[DATA EXCERPT]:
________________

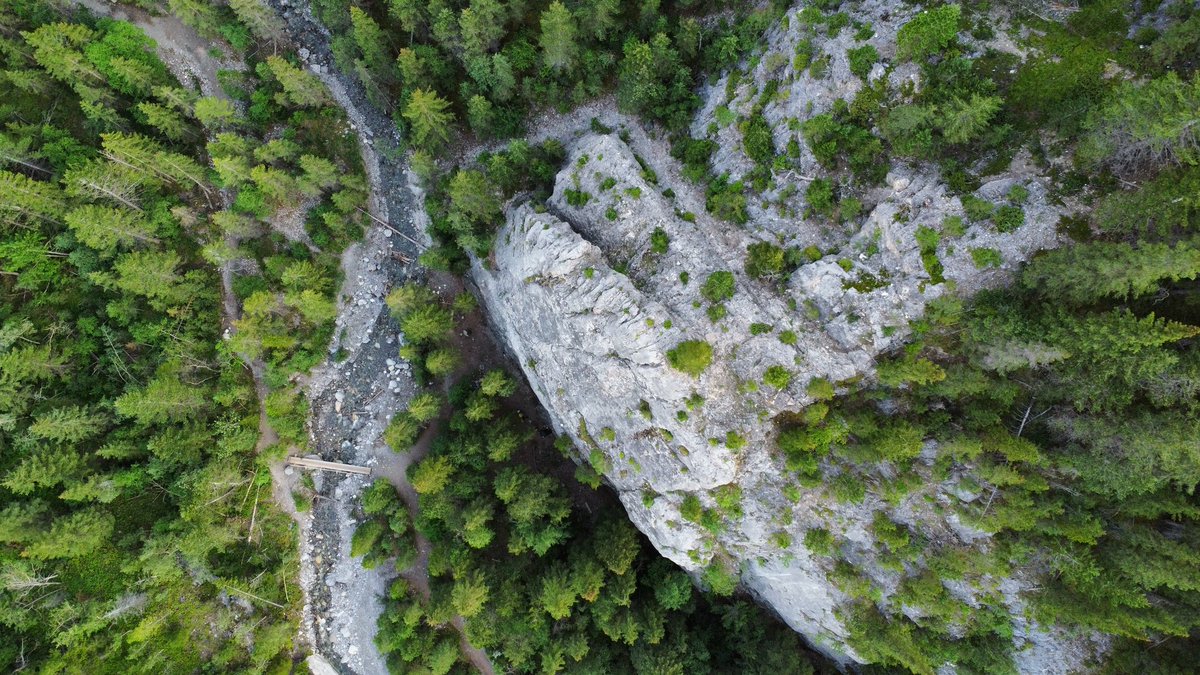 GeoffreyPrints's tweet photo. Tried out the drone climbing some rocks!

https://t.co/0kphshKjdx

#trees #cliffs #rocks #drone https://t.co/5lr8q9PUfB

________________

[WHAT NEEDS TO BE DONE]:
Only the pictures are to be dropped; the rest of the material above must be duplicated exactly.

[EXERCISE RESULT]:
 GeoffreyPrints's tweet photo. Tried out the drone climbing some rocks!

https://t.co/0kphshKjdx

#trees #cliffs #rocks #drone https://t.co/5lr8q9PUfB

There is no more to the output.